Could you output each line below exactly as it appears, excluding any pictures?
(Source data Opens)
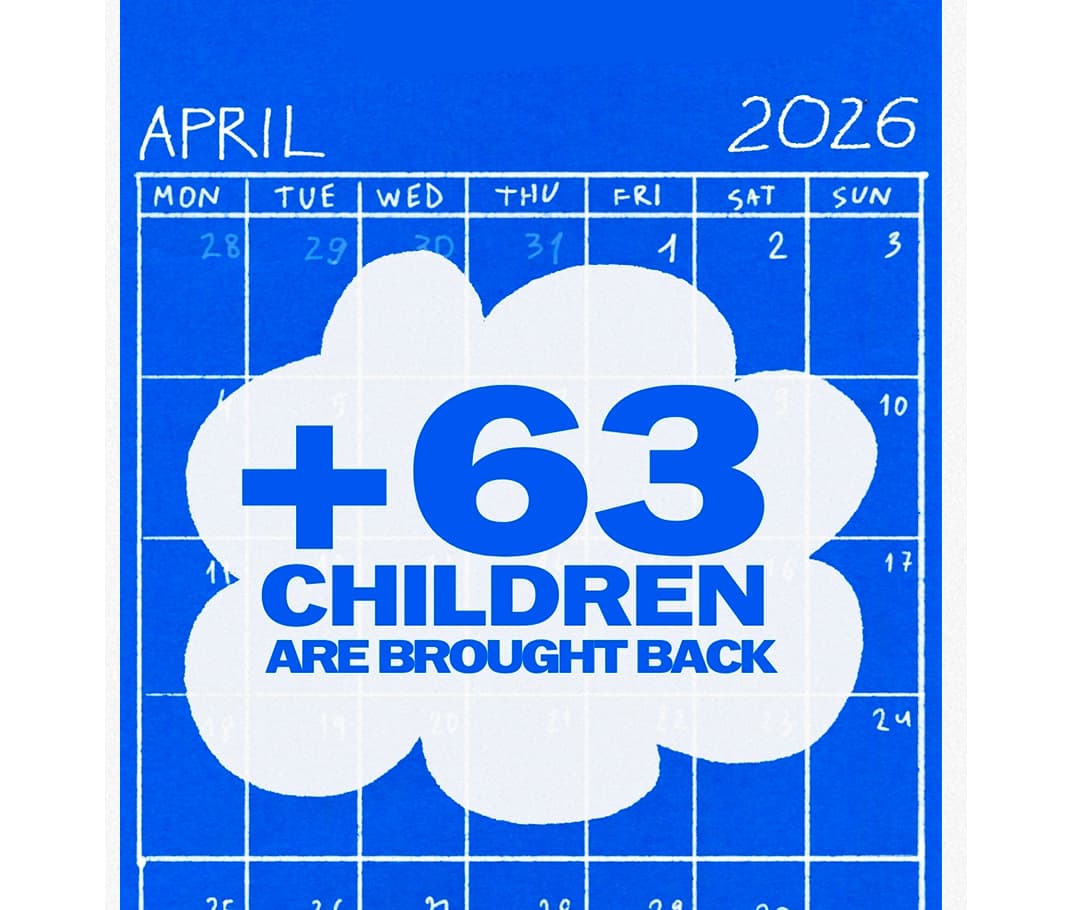 63 Kinder wurden im April 2026 aus Russland und den vorübergehend besetzten Gebieten gerettet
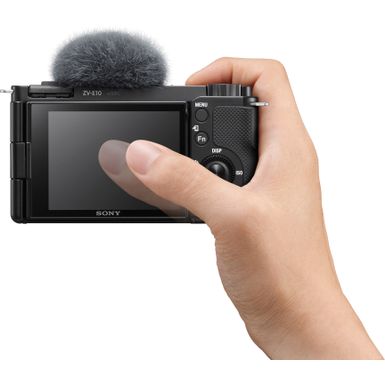 Alt View Zoom 17. Sony - Alpha ZV-E10 Mirrorless Vlog Camera - Body Only - Black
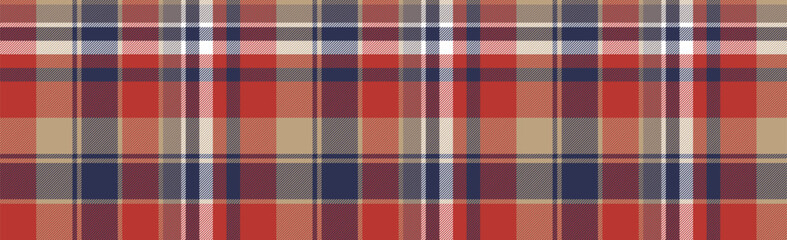 Seamless plaid tartan scotland texture with squares - Vector illustration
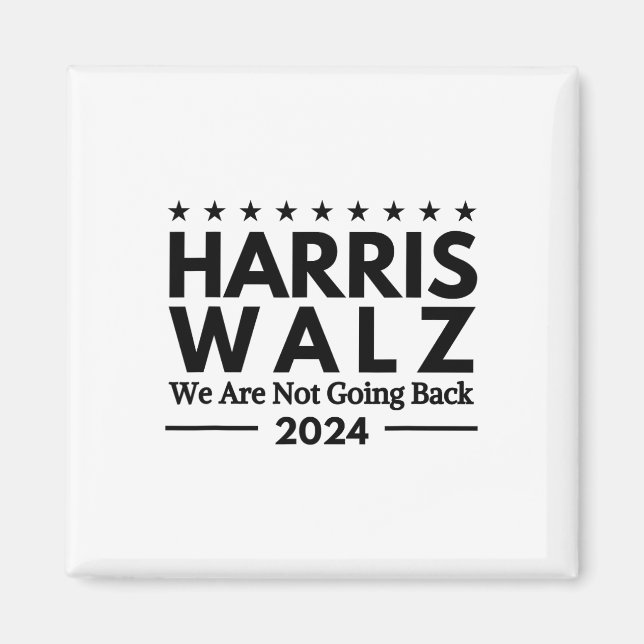 Íman Harris Tim Walz 2024 Não Vamos Voltar  (Frente)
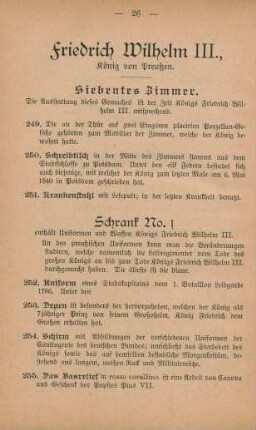 Friedrich Wilhelm III., König von Preußen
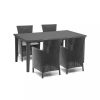 Set mobilier de gradina Futurowa 4-1, grafit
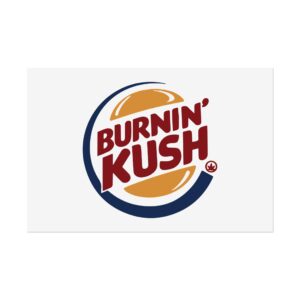 Burnin' Kush Weed Poster (30x20)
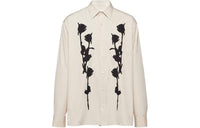 PRADA Cotton Shirt Shirt Men's Sand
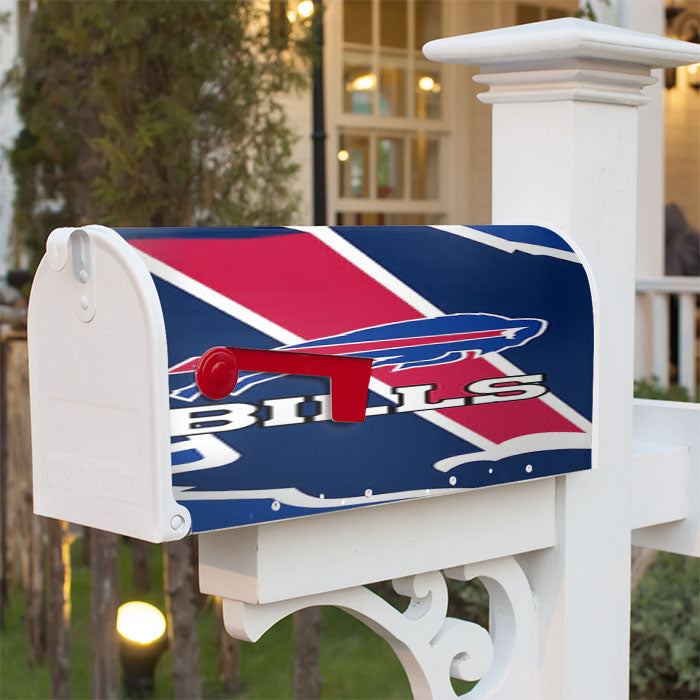 Buffalo Bills Football Team Magnetic Mailbox Cover 18" X 21" Outdoor Decor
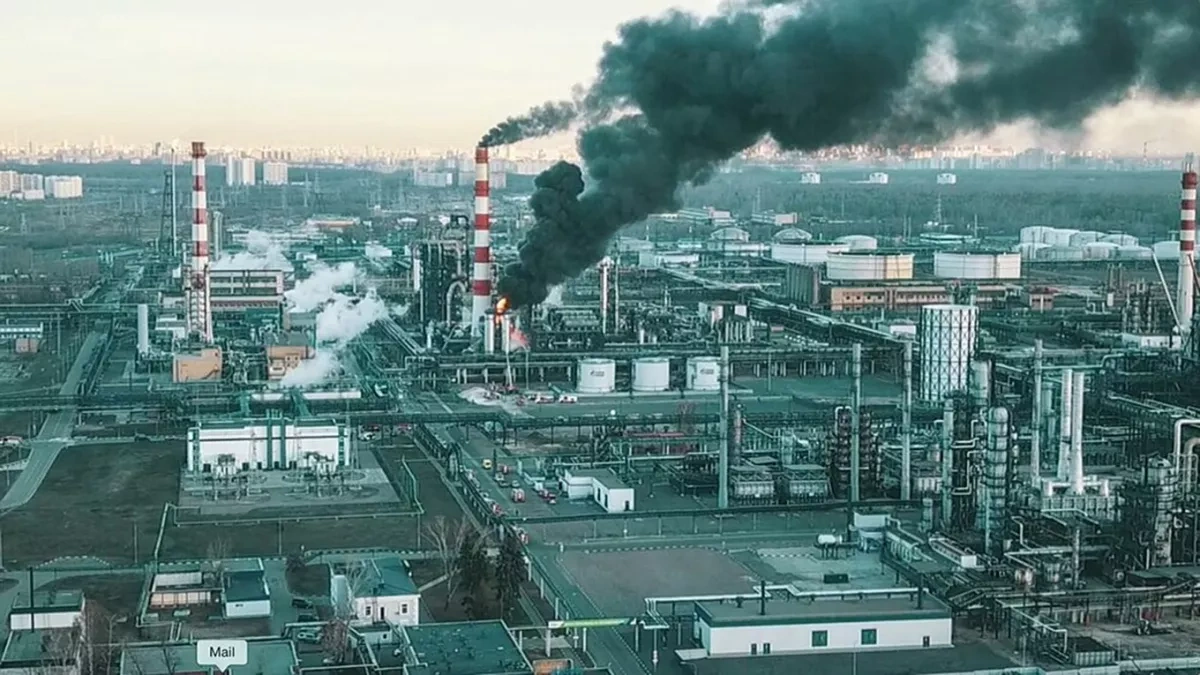 Ukrainian drone strike halts Moscow oil refinery operations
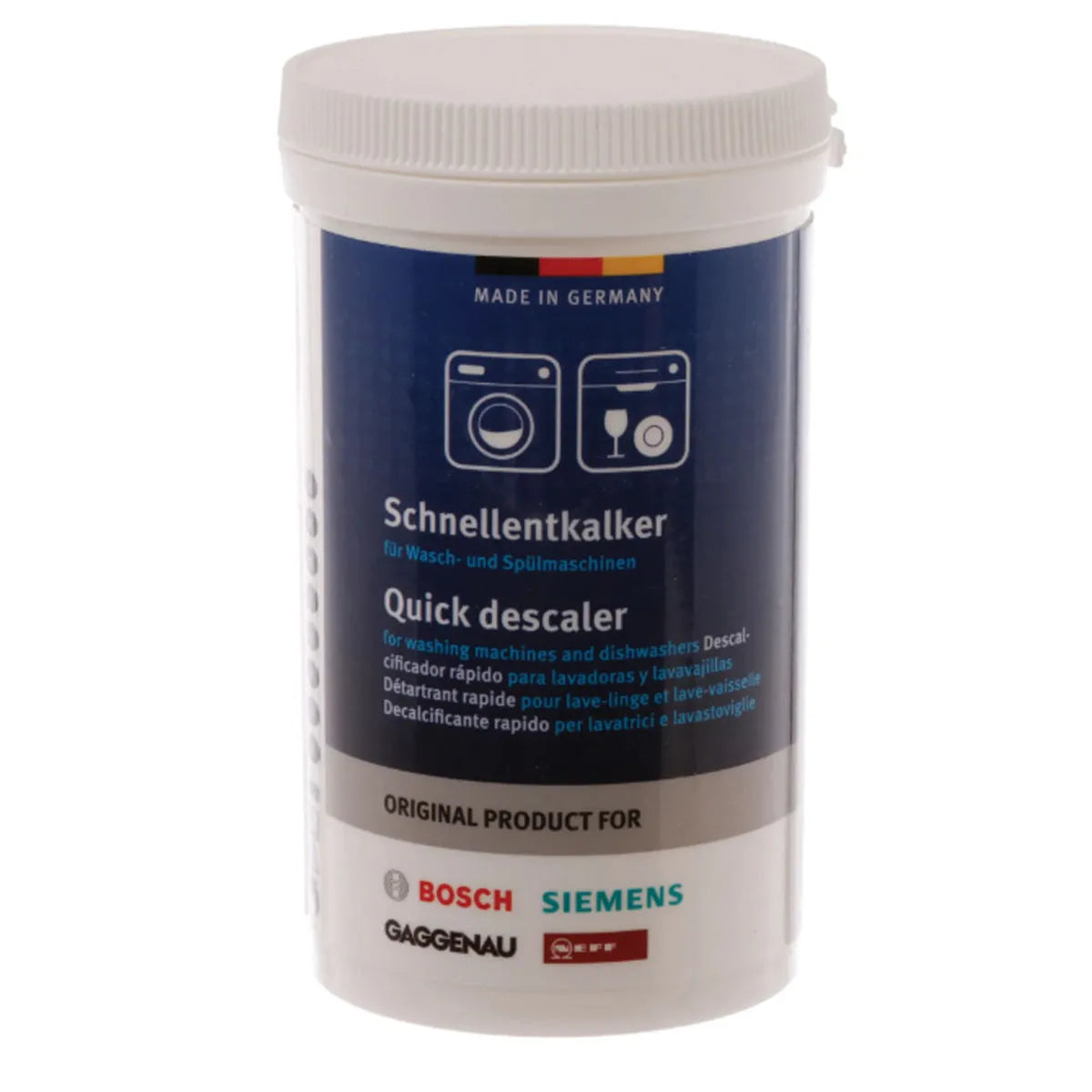 Descalcificador en polvo para lavadoras y lavavajillas Bosch 00311922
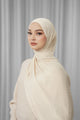 Tapis Satin Jacquard Shawl - Oatmeal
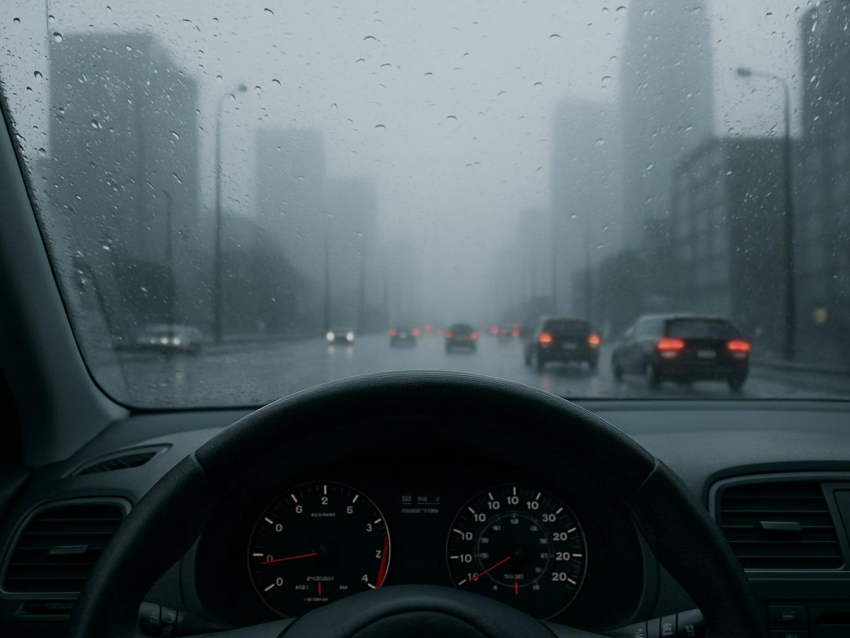 Воронежским водителям напомнили, как не попасть в аварию в дождь и туман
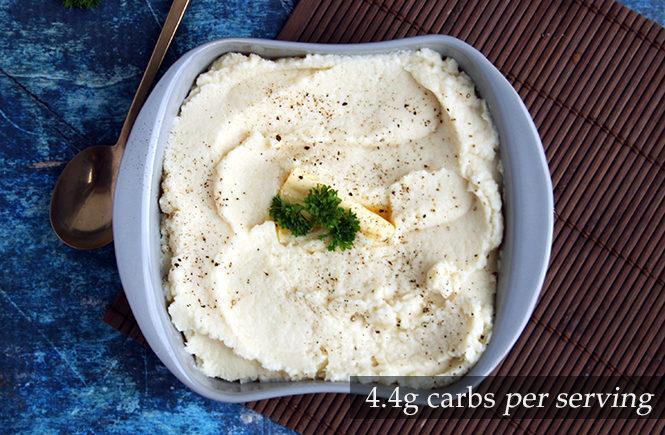 Cheesy Celeriac Mash Keto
(Source data Closes)
- Answer box:
 63 Kinder wurden im April 2026 aus Russland und den vorübergehend besetzten Gebieten gerettet
 Alt View Zoom 17. Sony - Alpha ZV-E10 Mirrorless Vlog Camera - Body Only - Black
 Seamless plaid tartan scotland texture with squares - Vector illustration
 Íman Harris Tim Walz 2024 Não Vamos Voltar  (Frente)
 Friedrich Wilhelm III., König von Preußen
 Set mobilier de gradina Futurowa 4-1, grafit
 Burnin' Kush Weed Poster (30x20)
 PRADA Cotton Shirt Shirt Men's Sand
 Buffalo Bills Football Team Magnetic Mailbox Cover 18" X 21" Outdoor Decor
 Ukrainian drone strike halts Moscow oil refinery operations
 Descalcificador en polvo para lavadoras y lavavajillas Bosch 00311922
 Tapis Satin Jacquard Shawl - Oatmeal
 Воронежским водителям напомнили, как не попасть в аварию в дождь и туман
 Cheesy Celeriac Mash Keto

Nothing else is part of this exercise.